Per EU-Verordnung bekommen sie von heute an mehr Rechte an den Daten, die ihre vernetzten Geräte sammeln. Dann gilt für diese Produkte das EU-Datengesetz (EU Data Act). Hersteller müssen danach offenlegen, welche Informationen erhoben werden - und wie man darauf zugreifen kann.

Das Datengesetz der EU ist bereits Anfang 2024 in Kraft getreten, wird aber jetzt erst angewendet. Es soll Verbrauchern erleichtern, ihre Gerätedaten einzusehen und bei Bedarf auch an andere Dienste weiterzugeben, etwa zu Reparaturzwecken. Am Ende sollen dadurch Dienstleistungen günstiger und einfacher werden. Antworten auf die wichtigsten Fragen zu den neuen Bestimmungen.

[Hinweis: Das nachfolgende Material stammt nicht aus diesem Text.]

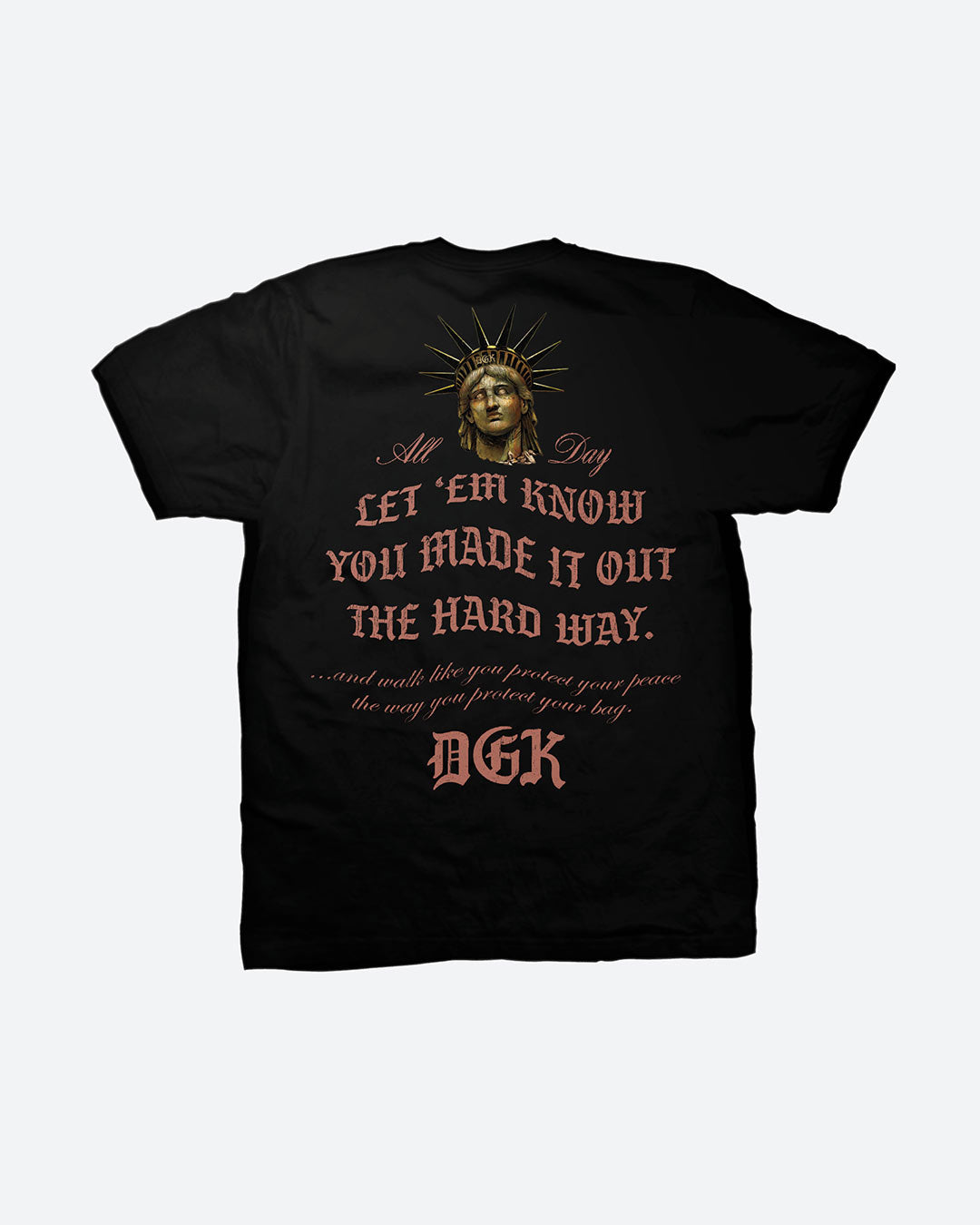 DGK SHADOWS TEE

Für welche Geräte gilt das Gesetz?

Das Gesetz schließt eine Vielzahl von Geräten ein. Denn die Regeln gelten laut EU-Verordnung für alle sogenannten vernetzten Geräte. Das schließt nicht nur solche ein, die über eine Internetverbindung kommunizieren, sondern auch andere Formen ein, über die Daten geteilt werden können: so beispielsweise auch ausdrücklich Geräte mit kabelgebundener Datenübertragung.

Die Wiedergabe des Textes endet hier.